Ora, caríssimos Sacerdotes, inúmeras mudanças, que se apresentam como outras tantas etapas do “aggiornamento”, tendem só a favorecer as comodidades da natureza humana decaída, e a diminuir o fervor da caridade para com Deus. Sob o título de dignidade humana reduzem o lugar devido a Deus na vida do homem, cuja autonomia é lisonjeada de todos os modos. Semelhante “aggiornamento” não se insere dentro da salutar Tradição católica. Nele o lugar da mortificação, da renúncia, é mais o de uma concessão a que dolorosamente, não se pode fugir, do que o de uma exigência positiva, como ensina o dogma do pecado original, ponto básico da Economia da redenção, a cuja amorosa adesão se há de conformar a vida cristã, que porá sua alegria na austeridade e penitência, com que o homem se prepara para a visão beatífica no seio de Deus.

Com o “aggiornamento” de que falamos, aliás, perde-se de vista a bem-aventurança futura, para se cuidar da prosperidade do conforto, da felicidade aqui na terra, como se o homem aqui tivesse sua moradia permanente.

Não é preciso mostrar como um tal “aggiornamento” constitui um escândalo, no sentido próprio da palavra, pois contribui para perder as almas.

Sejamos cautelosos com certas permissões

Caríssimos Sacerdotes. Estas nossas considerações, como facilmente podeis verificar, têm o valor perene que lhe confere a Tradição católica, de onde procedem. Valem por si. Contra elas, pois, não há aduzir o exemplo do que se possa realizar alhures. De fato, sabemos as razões que determinam as permissões peculiares de outras regiões, sempre na hipótese de que não se trate de abusos, mas de concessões. Sabemos, aliás, por confissão do próprio Cardeal Gut, Prefeito da Sagrada Congregação para o Culto Divino, que mais de uma vez, o Papa permitiu contra a vontade, certas práticas que ele mesmo, ele Papa, considera abusivas (1). O que quer dizer que devemos ser cautelosos ainda quando se trata de permissões dada pela mesma Santa Sé. Enfim, o que podemos dizer é que aqui não militam motivos que, talvez, justifiquem usos introduzidos em outras partes. O que talvez em outros lugares não seja censurável, aqui certamente é coeficiente de dessacralização.

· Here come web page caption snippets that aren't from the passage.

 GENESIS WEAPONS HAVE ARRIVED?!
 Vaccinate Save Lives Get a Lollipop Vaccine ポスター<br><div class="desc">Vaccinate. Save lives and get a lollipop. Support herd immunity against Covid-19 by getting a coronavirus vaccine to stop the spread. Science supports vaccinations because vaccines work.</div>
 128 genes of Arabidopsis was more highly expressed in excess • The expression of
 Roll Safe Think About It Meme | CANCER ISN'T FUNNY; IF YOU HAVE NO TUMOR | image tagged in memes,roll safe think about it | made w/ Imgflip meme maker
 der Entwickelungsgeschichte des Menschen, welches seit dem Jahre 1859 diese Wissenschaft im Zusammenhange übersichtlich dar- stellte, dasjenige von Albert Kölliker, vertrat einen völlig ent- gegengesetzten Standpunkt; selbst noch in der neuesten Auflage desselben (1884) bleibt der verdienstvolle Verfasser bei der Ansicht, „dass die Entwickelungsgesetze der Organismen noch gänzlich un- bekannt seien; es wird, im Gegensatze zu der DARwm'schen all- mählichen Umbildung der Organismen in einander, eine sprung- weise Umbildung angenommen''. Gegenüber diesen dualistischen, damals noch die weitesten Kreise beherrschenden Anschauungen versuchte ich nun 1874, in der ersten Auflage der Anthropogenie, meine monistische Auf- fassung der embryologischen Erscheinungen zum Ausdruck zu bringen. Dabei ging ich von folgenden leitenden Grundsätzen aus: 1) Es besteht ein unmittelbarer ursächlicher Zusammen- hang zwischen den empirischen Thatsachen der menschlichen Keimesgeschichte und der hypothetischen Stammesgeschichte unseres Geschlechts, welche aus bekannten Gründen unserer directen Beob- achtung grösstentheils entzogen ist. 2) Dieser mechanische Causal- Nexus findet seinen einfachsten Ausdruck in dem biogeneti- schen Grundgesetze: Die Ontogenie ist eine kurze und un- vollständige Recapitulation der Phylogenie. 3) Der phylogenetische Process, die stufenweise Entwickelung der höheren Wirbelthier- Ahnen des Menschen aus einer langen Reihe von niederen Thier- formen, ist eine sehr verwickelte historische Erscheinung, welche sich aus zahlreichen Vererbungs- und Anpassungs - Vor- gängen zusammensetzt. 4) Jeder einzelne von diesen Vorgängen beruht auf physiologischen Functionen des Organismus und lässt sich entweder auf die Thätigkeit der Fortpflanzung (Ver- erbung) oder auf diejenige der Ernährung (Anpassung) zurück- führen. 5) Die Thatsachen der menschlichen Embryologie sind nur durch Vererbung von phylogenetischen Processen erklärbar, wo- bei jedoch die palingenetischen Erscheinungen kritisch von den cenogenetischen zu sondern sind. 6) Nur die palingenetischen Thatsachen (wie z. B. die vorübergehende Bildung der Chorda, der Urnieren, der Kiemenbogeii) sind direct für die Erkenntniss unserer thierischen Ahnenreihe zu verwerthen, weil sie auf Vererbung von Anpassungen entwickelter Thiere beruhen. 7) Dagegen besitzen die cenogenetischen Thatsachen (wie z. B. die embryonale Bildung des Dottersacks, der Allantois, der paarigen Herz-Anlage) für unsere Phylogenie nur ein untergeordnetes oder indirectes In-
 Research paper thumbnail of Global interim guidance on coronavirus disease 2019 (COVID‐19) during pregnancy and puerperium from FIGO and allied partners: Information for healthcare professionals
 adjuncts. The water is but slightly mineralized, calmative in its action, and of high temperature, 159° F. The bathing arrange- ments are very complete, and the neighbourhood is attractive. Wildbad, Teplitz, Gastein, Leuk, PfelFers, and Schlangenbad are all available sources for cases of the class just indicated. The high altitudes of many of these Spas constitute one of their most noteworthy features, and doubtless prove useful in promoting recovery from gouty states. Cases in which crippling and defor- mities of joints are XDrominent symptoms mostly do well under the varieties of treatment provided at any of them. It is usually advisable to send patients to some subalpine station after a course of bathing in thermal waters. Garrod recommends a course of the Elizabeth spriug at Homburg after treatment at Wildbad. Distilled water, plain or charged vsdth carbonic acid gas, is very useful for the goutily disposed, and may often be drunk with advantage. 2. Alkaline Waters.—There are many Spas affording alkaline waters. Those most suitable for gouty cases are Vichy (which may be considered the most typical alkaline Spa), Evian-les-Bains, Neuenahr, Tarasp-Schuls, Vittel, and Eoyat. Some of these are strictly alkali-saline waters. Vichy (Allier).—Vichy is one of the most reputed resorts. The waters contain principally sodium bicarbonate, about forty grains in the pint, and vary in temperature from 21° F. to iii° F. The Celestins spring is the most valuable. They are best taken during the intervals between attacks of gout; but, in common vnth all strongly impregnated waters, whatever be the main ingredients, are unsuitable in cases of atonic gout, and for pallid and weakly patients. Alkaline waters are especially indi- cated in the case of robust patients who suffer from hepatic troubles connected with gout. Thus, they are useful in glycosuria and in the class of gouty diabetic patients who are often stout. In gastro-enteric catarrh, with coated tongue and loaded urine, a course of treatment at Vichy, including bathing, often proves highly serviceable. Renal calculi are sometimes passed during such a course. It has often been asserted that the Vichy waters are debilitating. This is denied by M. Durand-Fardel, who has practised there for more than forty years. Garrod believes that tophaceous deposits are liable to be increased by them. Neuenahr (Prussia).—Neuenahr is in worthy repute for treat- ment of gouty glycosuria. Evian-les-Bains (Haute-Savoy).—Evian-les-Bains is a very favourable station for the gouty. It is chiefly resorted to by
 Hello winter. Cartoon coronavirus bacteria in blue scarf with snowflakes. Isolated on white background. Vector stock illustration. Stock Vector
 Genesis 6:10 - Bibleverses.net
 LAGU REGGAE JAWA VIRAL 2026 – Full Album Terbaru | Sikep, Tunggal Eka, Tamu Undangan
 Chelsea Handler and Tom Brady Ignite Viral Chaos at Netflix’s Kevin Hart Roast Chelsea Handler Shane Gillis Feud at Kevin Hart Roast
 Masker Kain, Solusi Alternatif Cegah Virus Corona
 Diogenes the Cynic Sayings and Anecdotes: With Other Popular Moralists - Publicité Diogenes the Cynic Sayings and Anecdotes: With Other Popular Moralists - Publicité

(1) Transcrevemos as palavras do Sr. Cardeal Gut, a que nos referimos acima. São de uma entrevista que se encontra em “La Doc. Cath”, de 16 de novembro de 1969, p. 1048, col. 2: “(...) on a parfois Franchi lês limites, et beaucoup de prêtes ont simplement fait CE qui leur plaisait. Alors, CE qui est arrivé parfois, c’est qu’ils se sont imposés. Ces initiatives prises sans autorisation, on NE pouvait plus, bien souvent, lês arrêter, car cela s’etait répandu trop loin. Dans as grande bonté et as sagesse, le Saint-Pére a alors cede, souvent contre son gré”.